My sitemap looks something like this:
<?xml version="1.0" encoding="UTF-8"?>
<urlset xmlns="http://www.sitemaps.org/schemas/sitemap/0.9">
<url>
<loc>http://www.example.com/page1.html</loc>
</url>
</urlset>
In the most examples in the internet urlset
tag has a xmlns
attribute with this value http://www.sitemaps.org/schemas/sitemap/0.9
. My question is, what that value comes from?
What exactly should it be?
http://www.sitemaps.org/schemas/sitemap/0.9
?The Sitemap protocol defines the XML schema which has the namespace http://www.sitemaps.org/schemas/sitemap/0.9
.
By using
<urlset xmlns="http://www.sitemaps.org/schemas/sitemap/0.9">
you convey that the urlset
element (and its descendants, unless they have a different namespace) should be interpreted according to this Sitemap protocol.
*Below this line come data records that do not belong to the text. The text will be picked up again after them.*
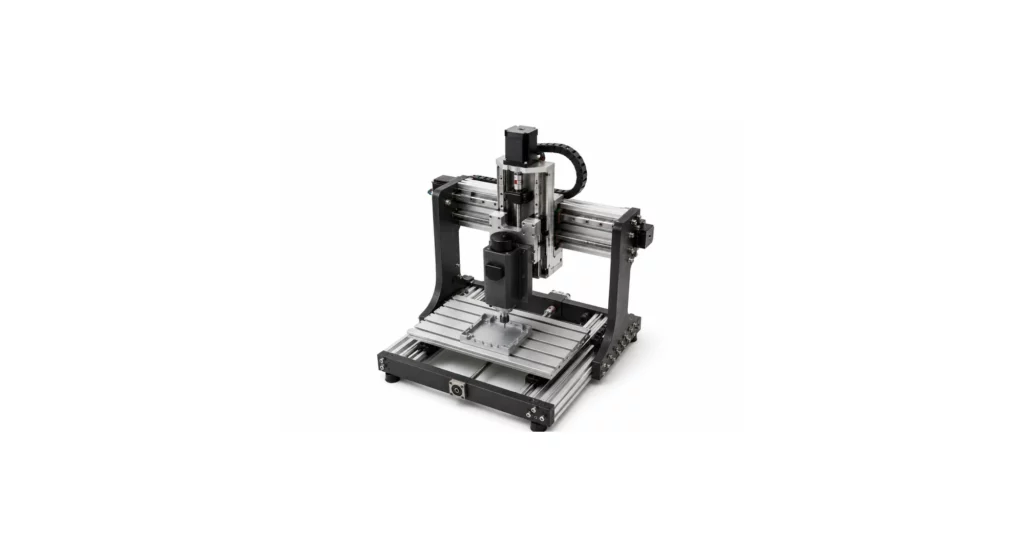 3 axis cnc machining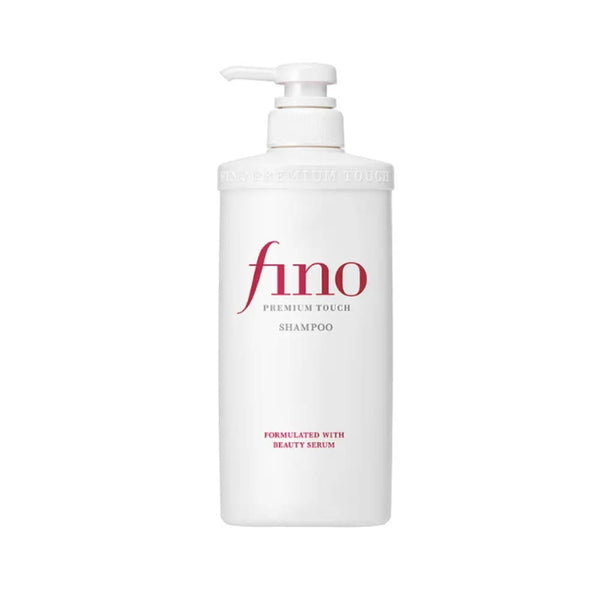 Premium Touch Shampoo for Dry and Damaged Hair, Sulfate-Free, 550 ml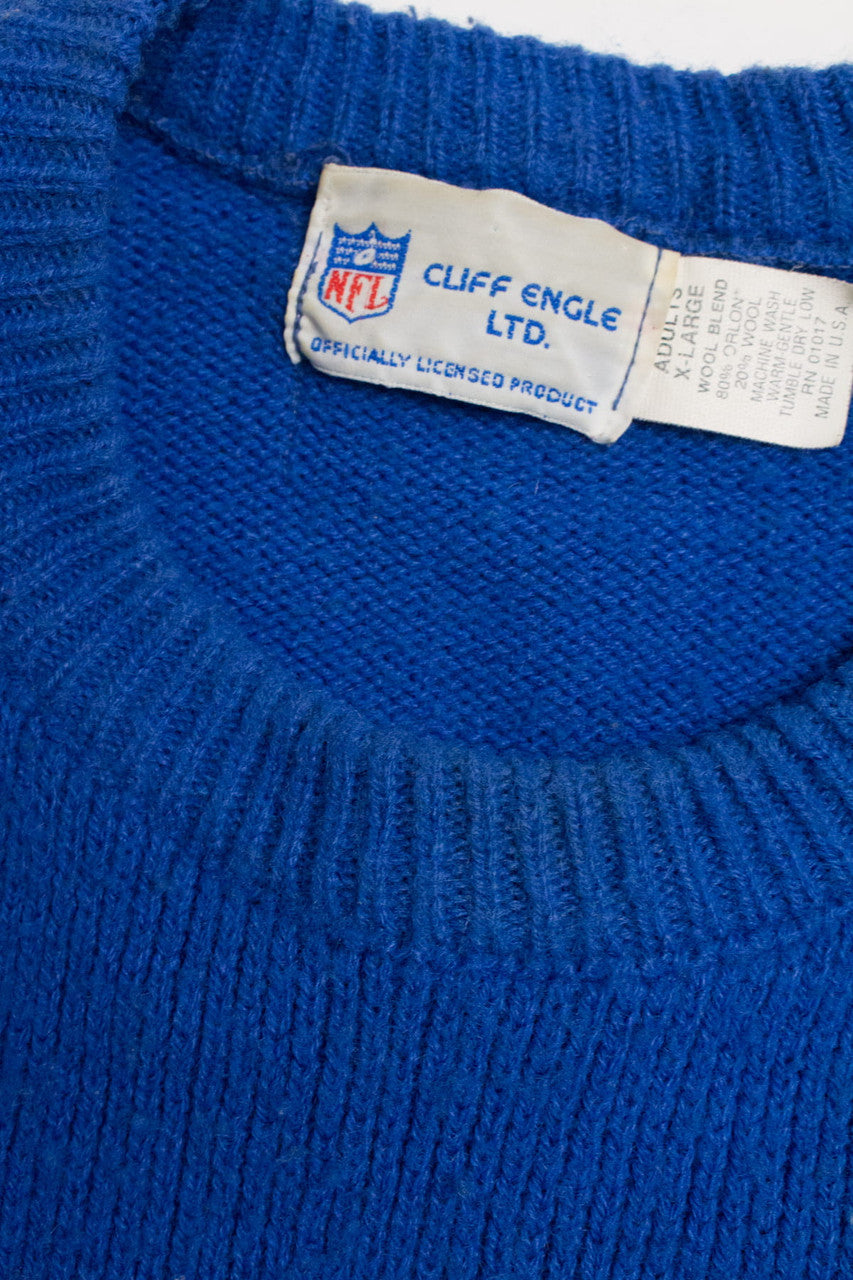 Vintage New York Giants Sweater 3870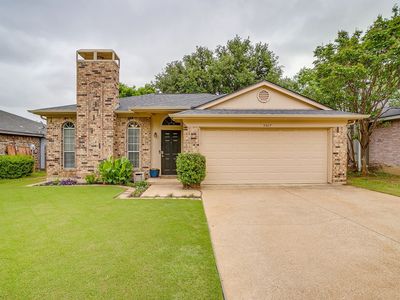 5017 Santa Fe Ct, Arlington, TX, 76017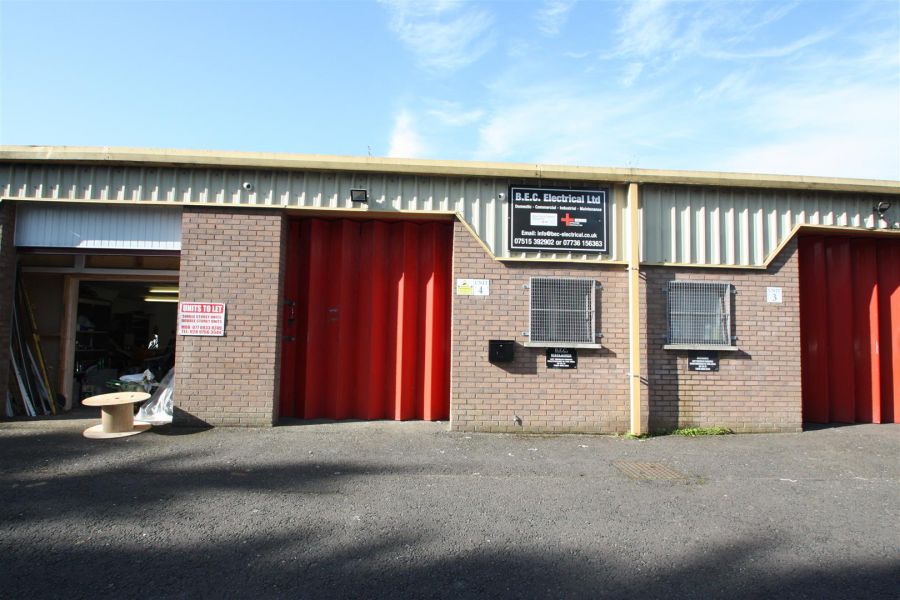 To Let, Unit 4 Down Business Park, antrim road, ballynahinch, BT24 8AN
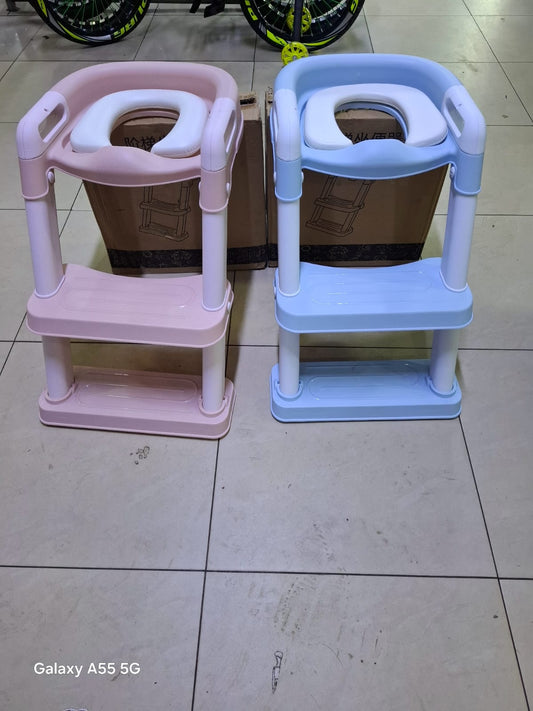 Potty ladder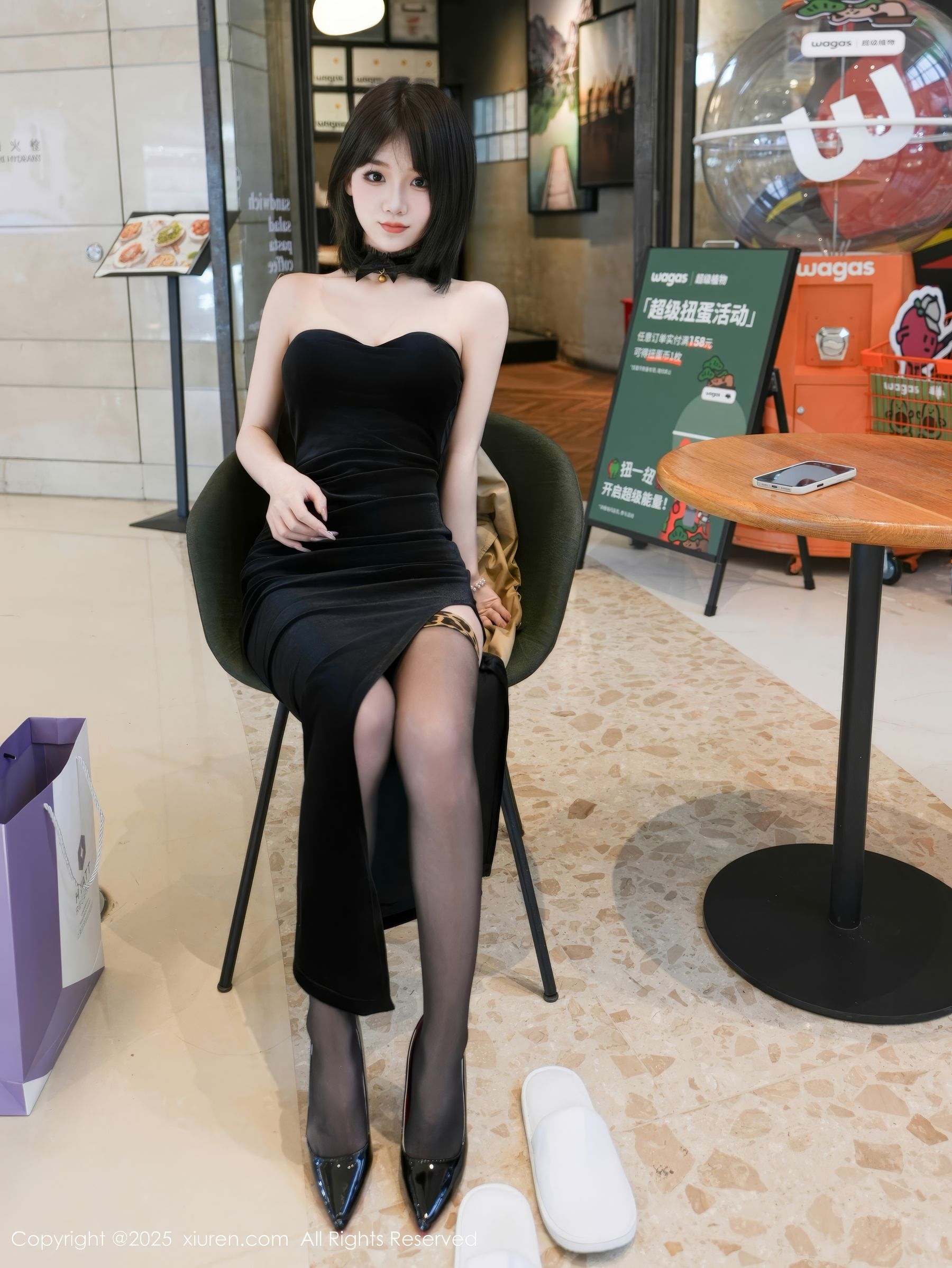 [秀人XiuRen] 2025.03.12 No.10000 阿汁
Namespaces help to avoid name collisions. There is no central authority that controls which element names can be used in XML, so any other XML schema may specify an element named urlset
, too. Namespaces also allow you to mix elements from different XML schemas, e.g., for extending the Sitemaps protocol.
tl;dr: You have to provide (exactly!) this namespace value, otherwise it wouldn’t be a sitemap as defined by the Sitemap Protocol.